Co jest ważne podkreślenia nie ma kraju na świecie, w którym kobiety zarabiałyby więcej, niż mężczyźni. Problem ten dotyczy również Polski, w której płace kobiet i mężczyzn, przynajmniej w teorii Organizacji Współpracy Gospodarczej i Rozwoju (ang. Organisation for Economic Co-operation and Development –OECD), mają zrównać się w 2021 roku. Na przykład w bankowości różnice w pensjach wynoszą nawet 36% na korzyść mężczyzn. Według wyżej przywołanego raportu jesteśmy jednym z krajów, które w ostatnich latach dokonały największego skoku w rankingu analizującym sytuację kobiet na rynku pracy. Nie przekłada się to jednak na ogólne równouprawnienie – według Europejskiego Instytutu ds. Równości Kobiet i Mężczyzn Polska radzi sobie pod tym względem „stosunkowo słabo”.
Mężczyźni w Polsce zarabiają, jak dowiadujemy się z raportu Głównego Urzędu Statystycznego, średnio o 734,50 zł więcej niż kobiety (październik 2017 roku), a przeciętne wynagrodzenie mężczyzn było o 18,5 proc wyższe od przeciętnego wynagrodzenia kobiet.
W naszym kraju nierówności w sytuacji zawodowej kobiet są wciąż duże, chociaż na tle innych państw wcale nie wypadamy najgorzej. Według sporządzonego przez The Economist „Indeksu szklanego sufitu” na 26 wysoko rozwiniętych społecznie państw zajmujemy dziewiąte miejsce pod względem sytuacji zawodowej kobiet. Indeks ten bierze pod uwagę pięć wskaźników: porównywana jest liczba kobiet i mężczyzn z wyższym wykształceniem, proporcje płci na rynku pracy, różnice w zarobkach, proporcje płci na najwyższych stanowiskach i koszty opieki nad dzieckiem. Najmniejsze dysproporcje odnotowano w Nowej Zelandii oraz Norwegii i Szwecji. Polsce udało się jednak w tym względzie wyprzedzić chociażby Danię.
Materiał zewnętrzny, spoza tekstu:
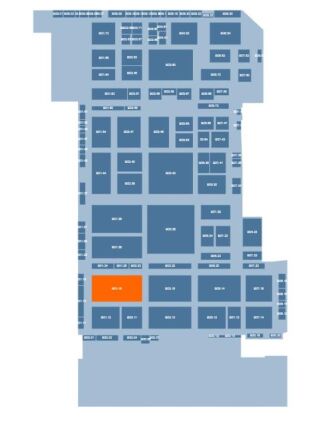 Land Lantbruk finns i LRFs orangefärgade monter B01:16 i hall B.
Przykładem bardzo pozytywnym może być rząd Wielkiej Brytanii. Pani premier Theresa May świetnie sobie radzi z problemem zrównania płac mężczyzn i kobiet wykonujących tę samą pracę. Zjednoczone Królestwo to jeden z pierwszych krajów, które każą dużym przedsiębiorstwom publikować dane pokazujące różnice w zarobkach kobiet i mężczyzn. Brytyjska premier nazywa problem „palącą niesprawiedliwością” i podkreśla, że zmagania z nim są priorytetem jej rządu. Chodzi nie tylko o politykę równościową, ale przede wszystkim aspekt pragmatyczny: polepszenie udziału kobiet w rynku pracy może dać gospodarce 150 mld funtów (ok. 720 mld złotych) do 2025 r. Brytyjska minister do spraw równego traktowania Amber Rudd podkreśla, że Wielką Brytanię nie stać na to, aby ignorować takie sumy.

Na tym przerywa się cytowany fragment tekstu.